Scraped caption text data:
+ + +
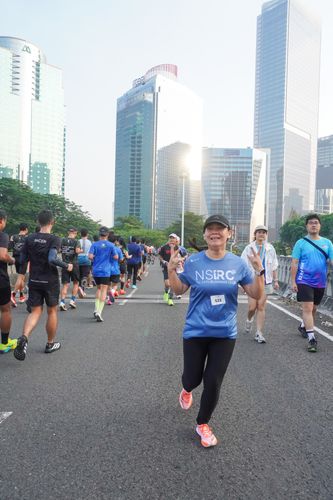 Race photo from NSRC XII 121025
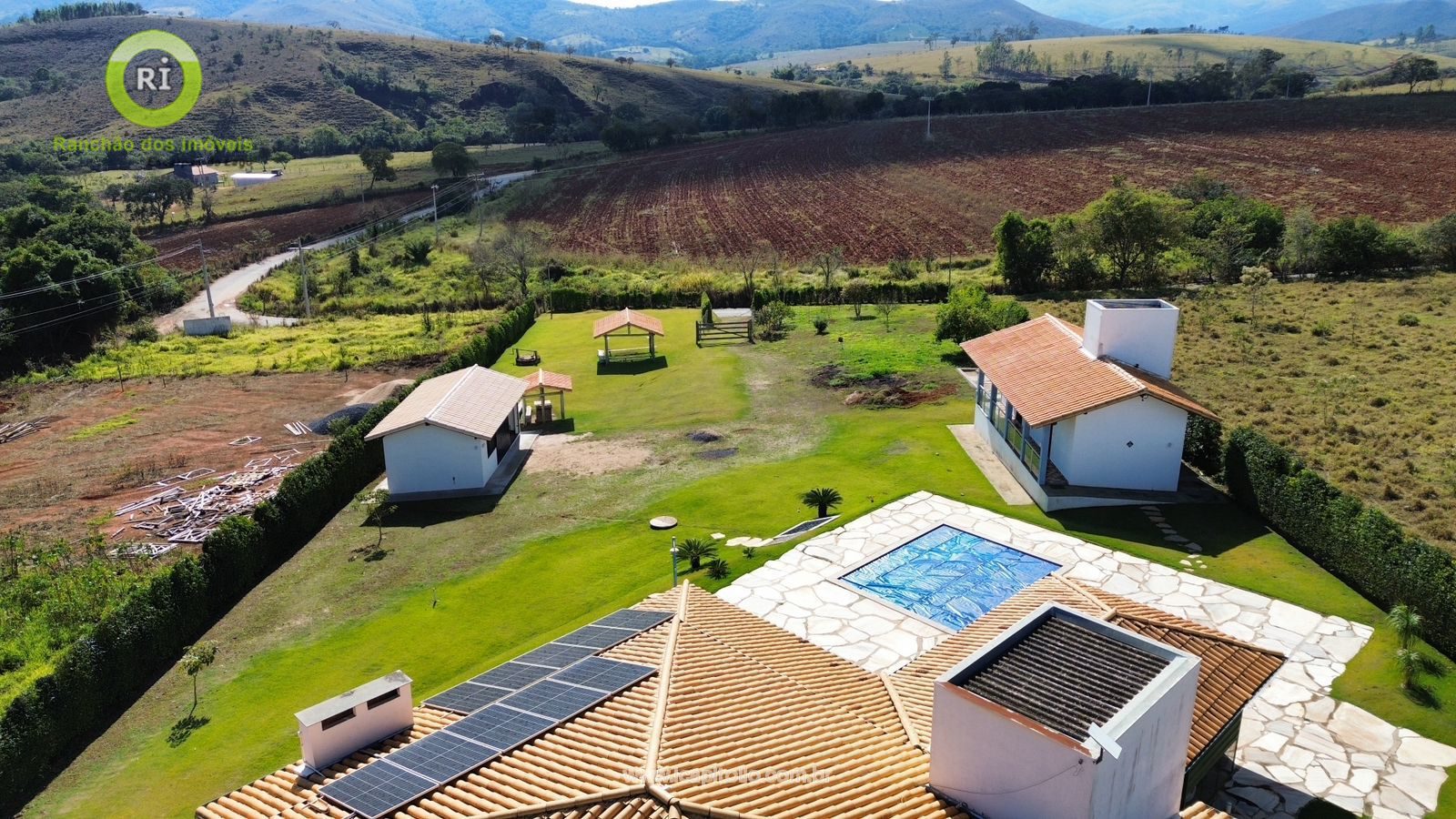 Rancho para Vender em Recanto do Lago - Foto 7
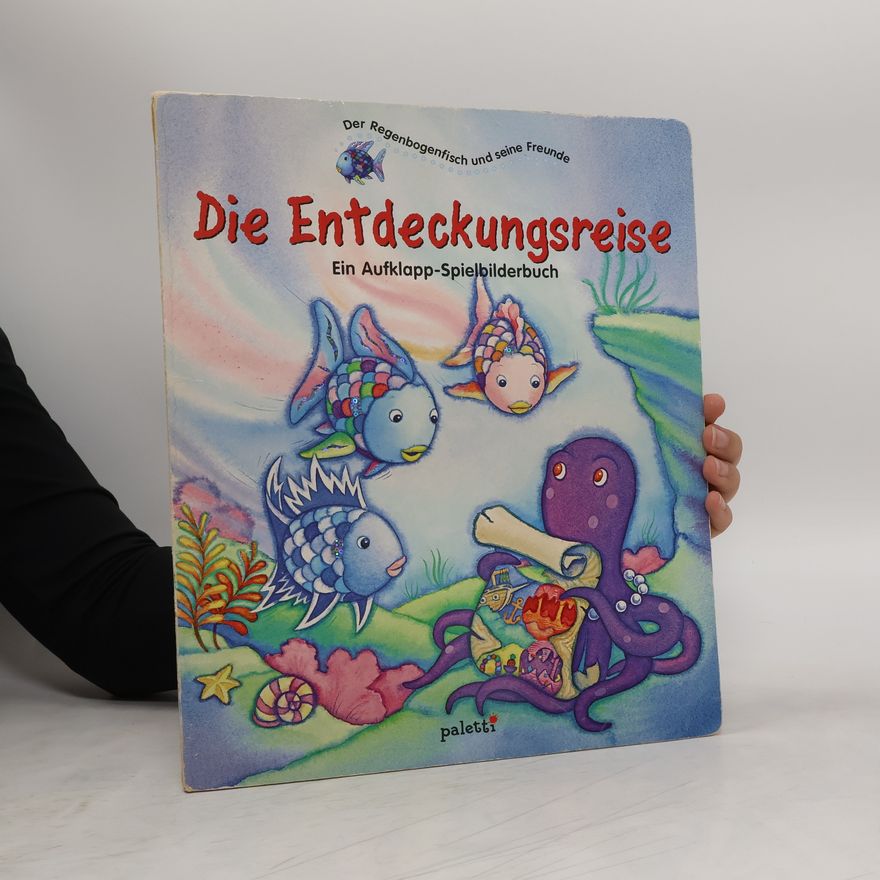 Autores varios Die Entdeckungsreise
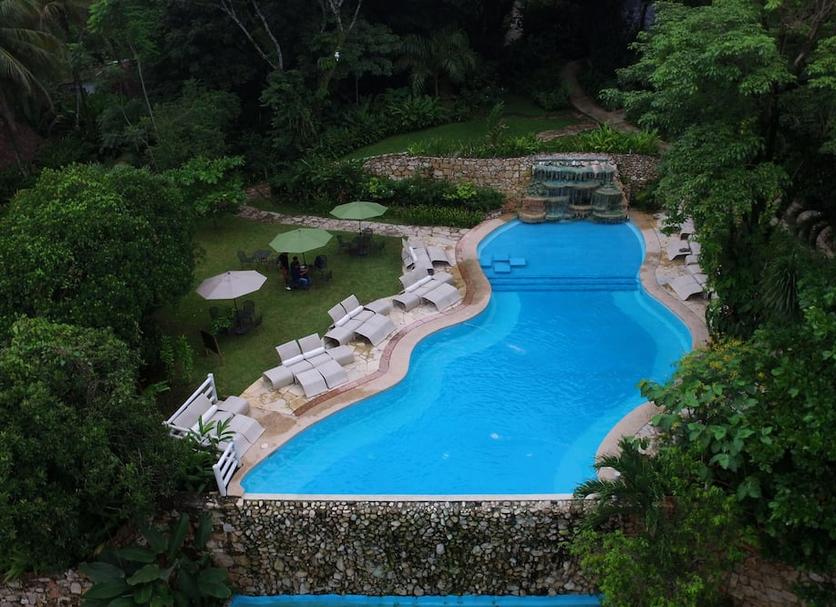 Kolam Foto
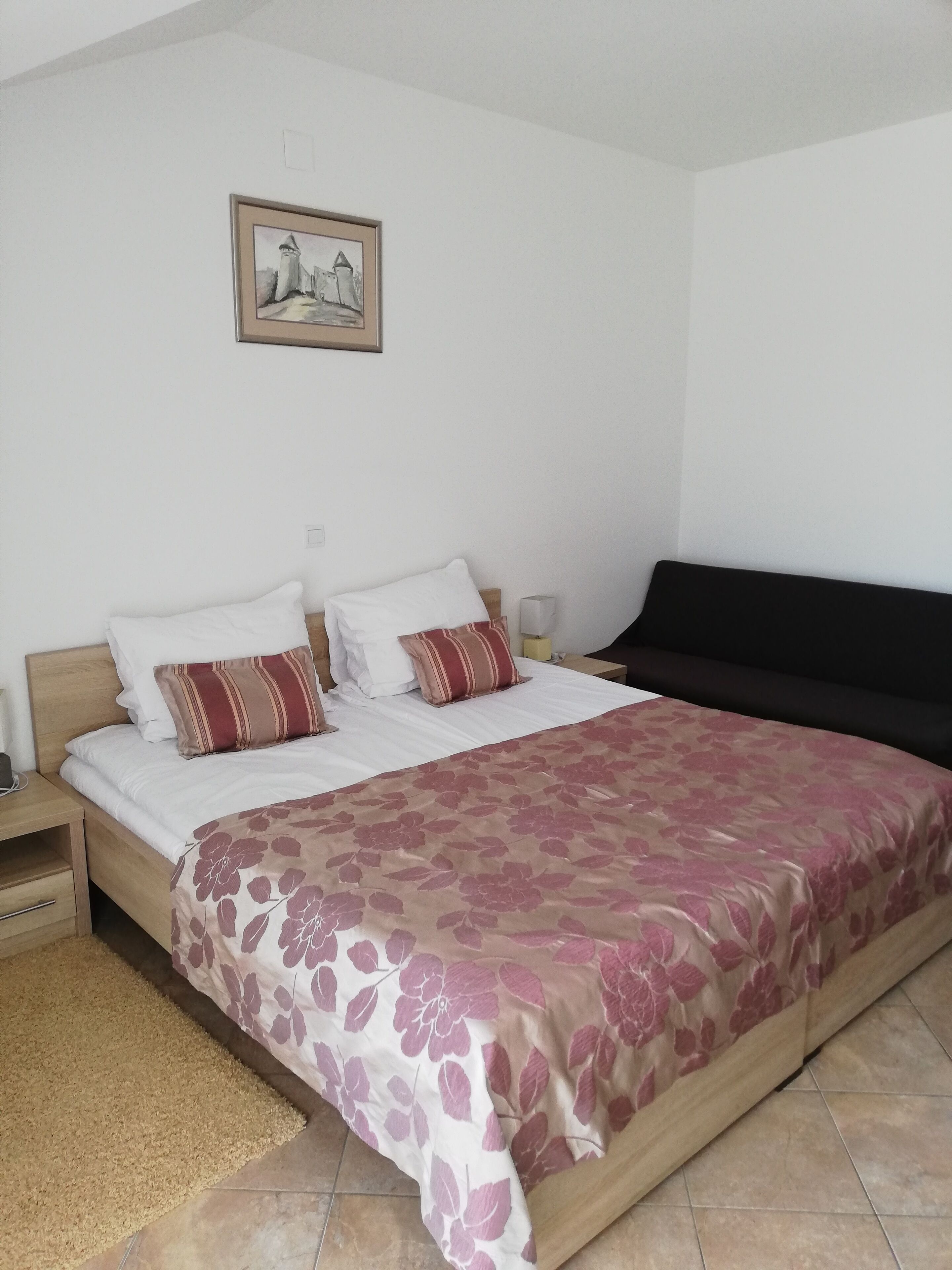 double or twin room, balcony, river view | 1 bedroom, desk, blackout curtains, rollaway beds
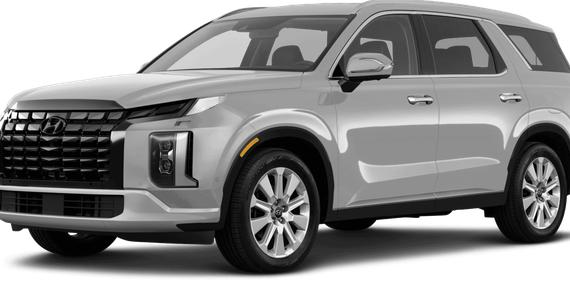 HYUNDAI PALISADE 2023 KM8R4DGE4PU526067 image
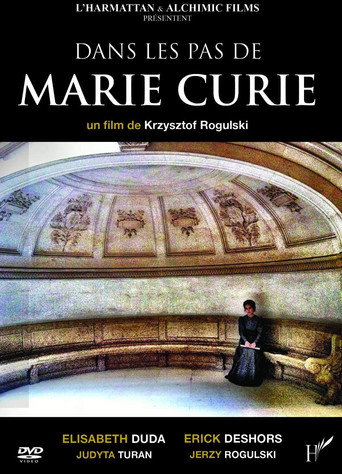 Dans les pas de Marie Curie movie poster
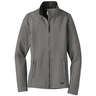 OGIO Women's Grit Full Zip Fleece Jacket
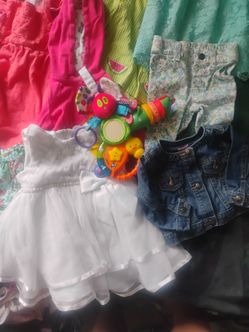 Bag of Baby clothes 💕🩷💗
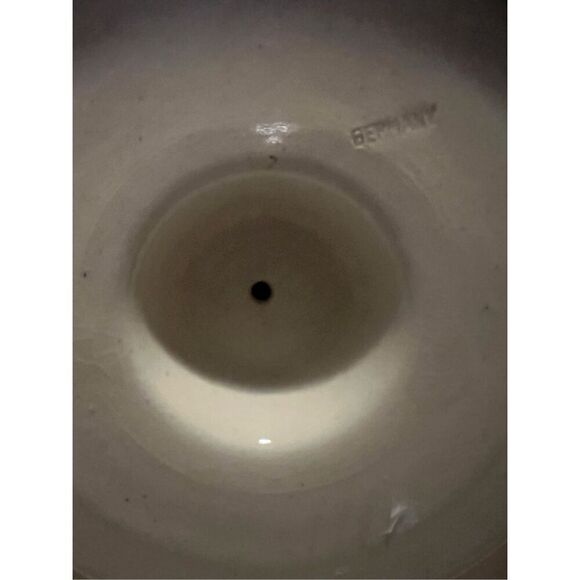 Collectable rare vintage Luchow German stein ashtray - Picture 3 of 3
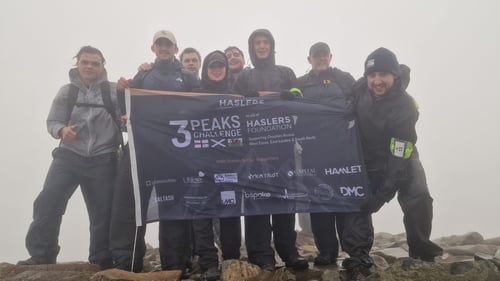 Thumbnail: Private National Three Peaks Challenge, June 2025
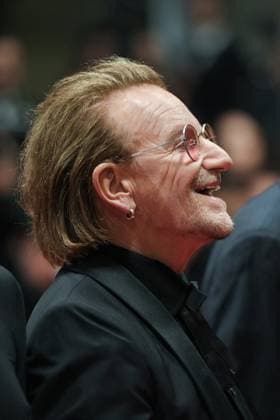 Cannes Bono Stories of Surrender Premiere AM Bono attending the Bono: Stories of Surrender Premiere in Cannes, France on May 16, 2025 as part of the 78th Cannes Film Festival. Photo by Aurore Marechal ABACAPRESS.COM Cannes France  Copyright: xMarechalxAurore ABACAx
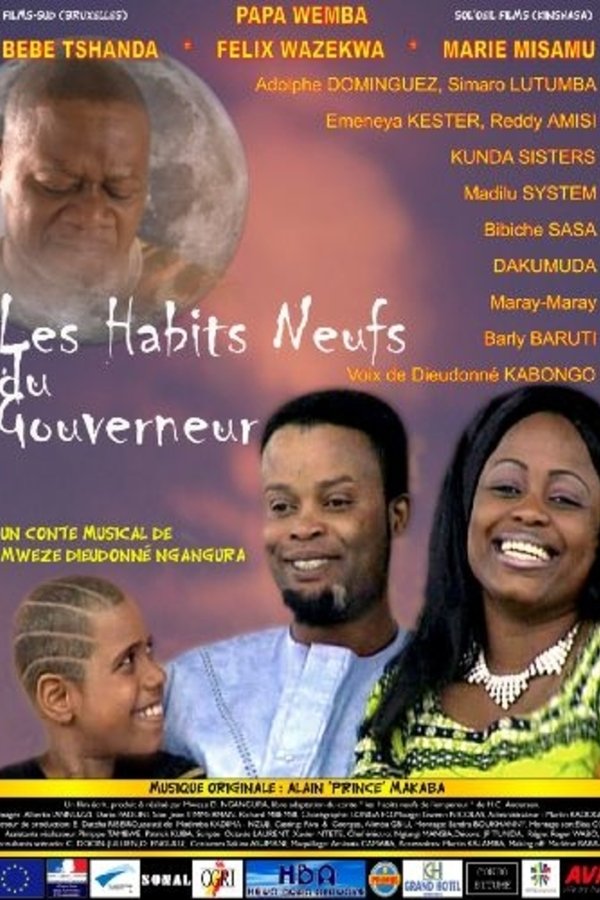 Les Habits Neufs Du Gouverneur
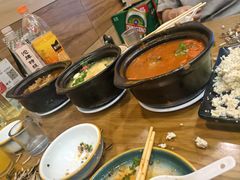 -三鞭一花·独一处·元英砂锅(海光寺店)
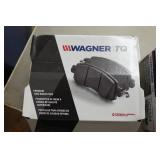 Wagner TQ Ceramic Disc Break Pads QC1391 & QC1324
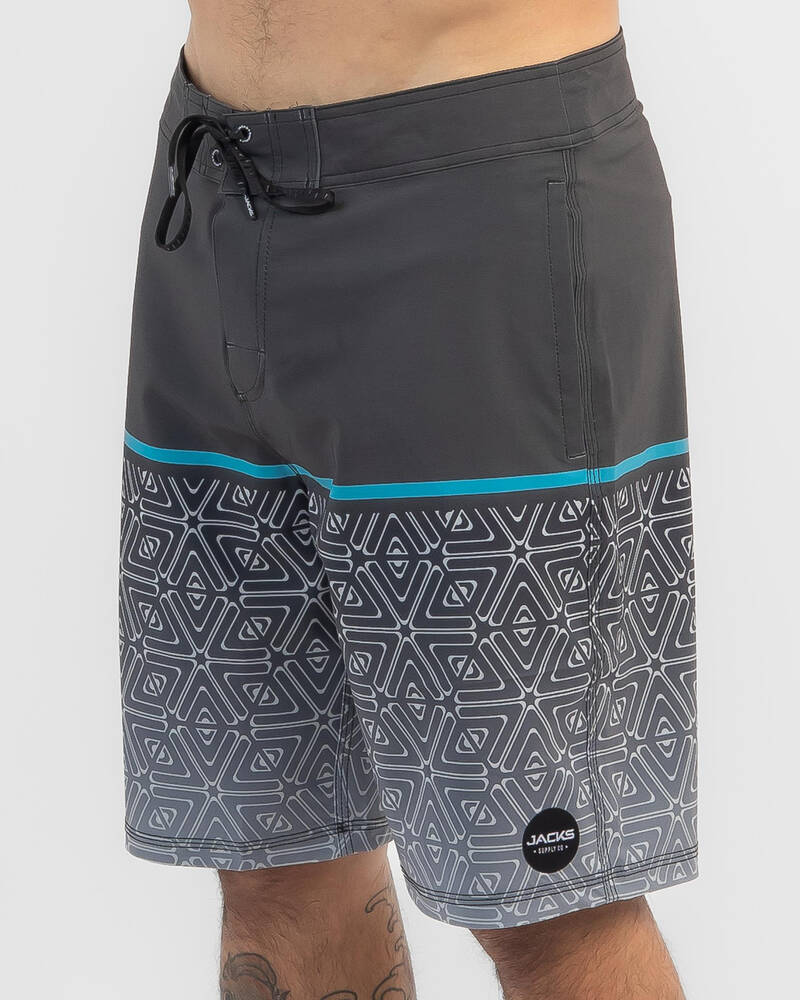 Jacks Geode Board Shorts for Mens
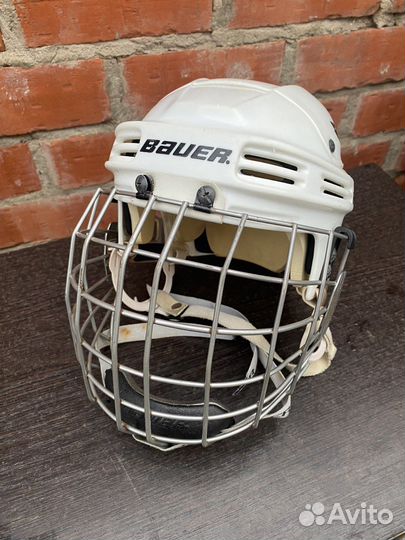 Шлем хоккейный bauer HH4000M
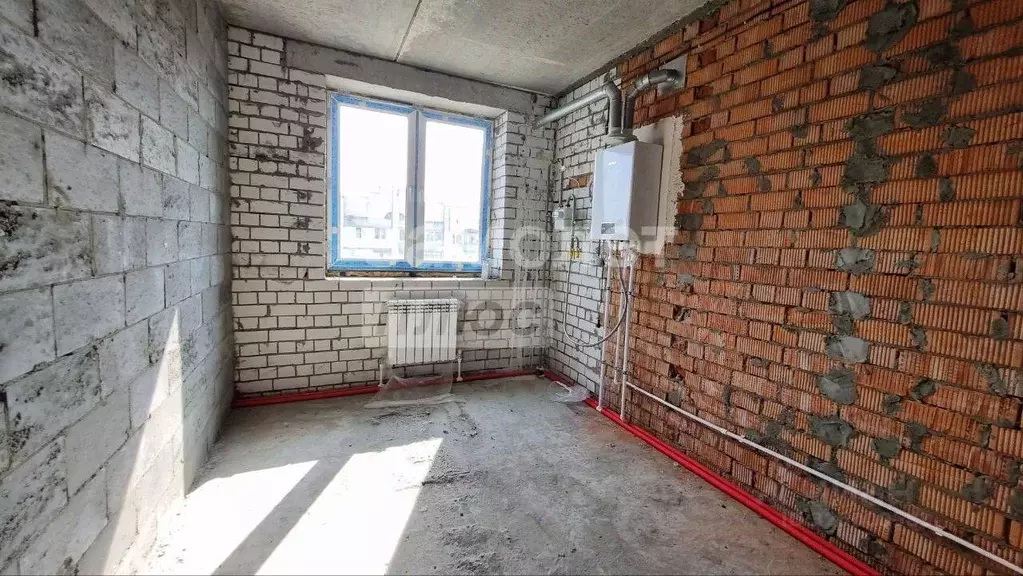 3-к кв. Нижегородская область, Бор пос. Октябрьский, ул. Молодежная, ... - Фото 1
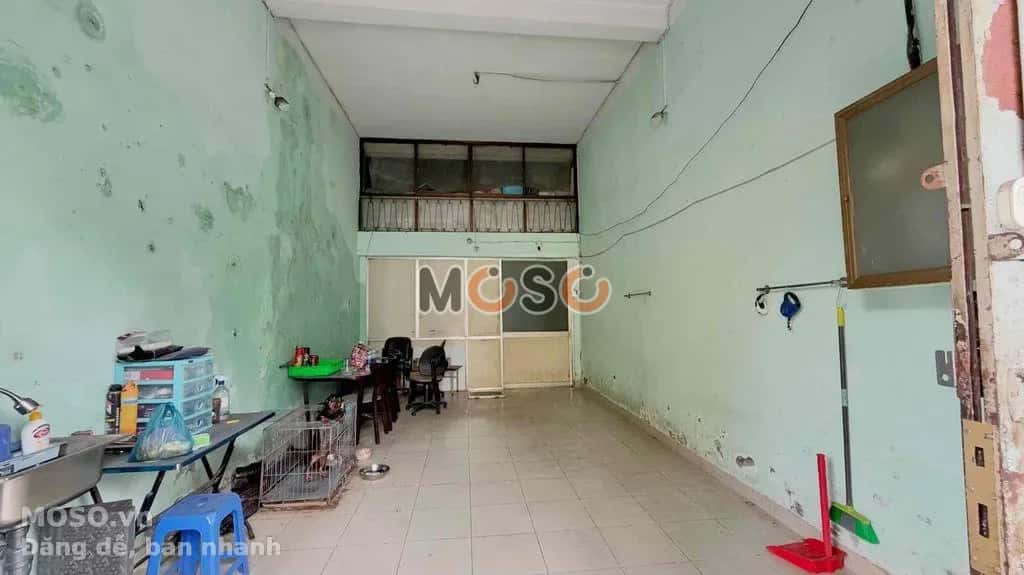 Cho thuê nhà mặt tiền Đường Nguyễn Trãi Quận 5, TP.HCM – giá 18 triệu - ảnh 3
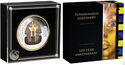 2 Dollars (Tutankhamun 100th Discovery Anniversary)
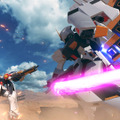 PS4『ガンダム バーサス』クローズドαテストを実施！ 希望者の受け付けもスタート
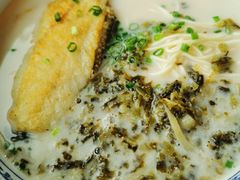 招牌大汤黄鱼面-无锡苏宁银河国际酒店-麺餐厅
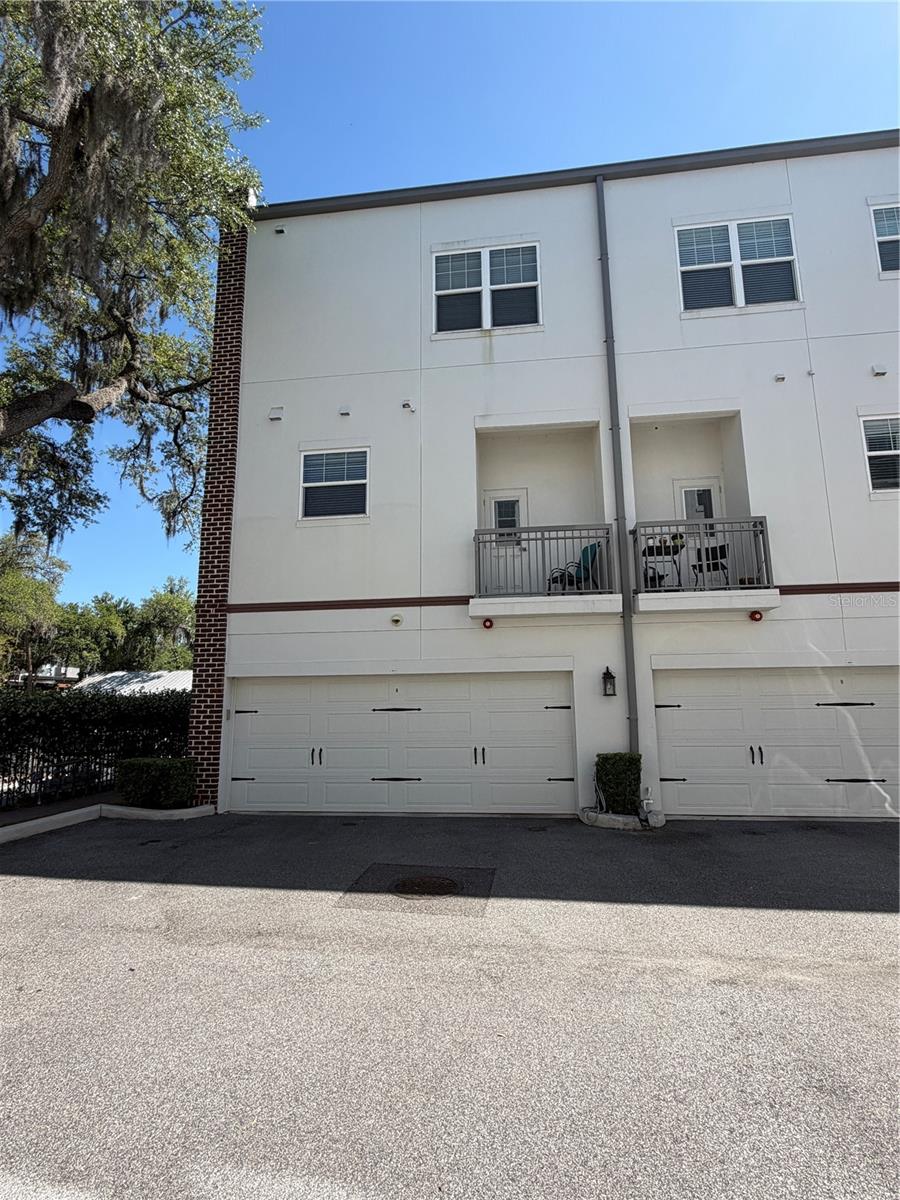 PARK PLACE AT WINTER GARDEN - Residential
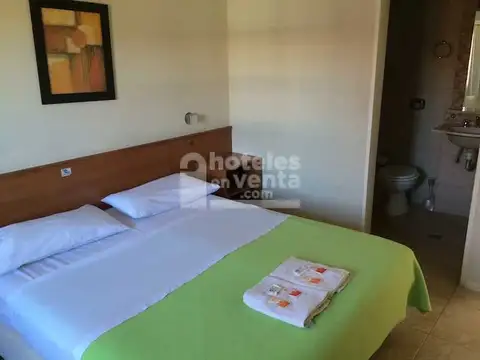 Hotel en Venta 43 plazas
+ + +
What needs to be done:
For this exercise, set down exactly the lines that run from the line holding "Cho thuê nhà" to the last line of the records above; include both end lines and omit pictures.

Task response:
 Cho thuê nhà mặt tiền Đường Nguyễn Trãi Quận 5, TP.HCM – giá 18 triệu - ảnh 3
 2 Dollars (Tutankhamun 100th Discovery Anniversary)
 PS4『ガンダム バーサス』クローズドαテストを実施！ 希望者の受け付けもスタート
 招牌大汤黄鱼面-无锡苏宁银河国际酒店-麺餐厅
 PARK PLACE AT WINTER GARDEN - Residential
 Hotel en Venta 43 plazas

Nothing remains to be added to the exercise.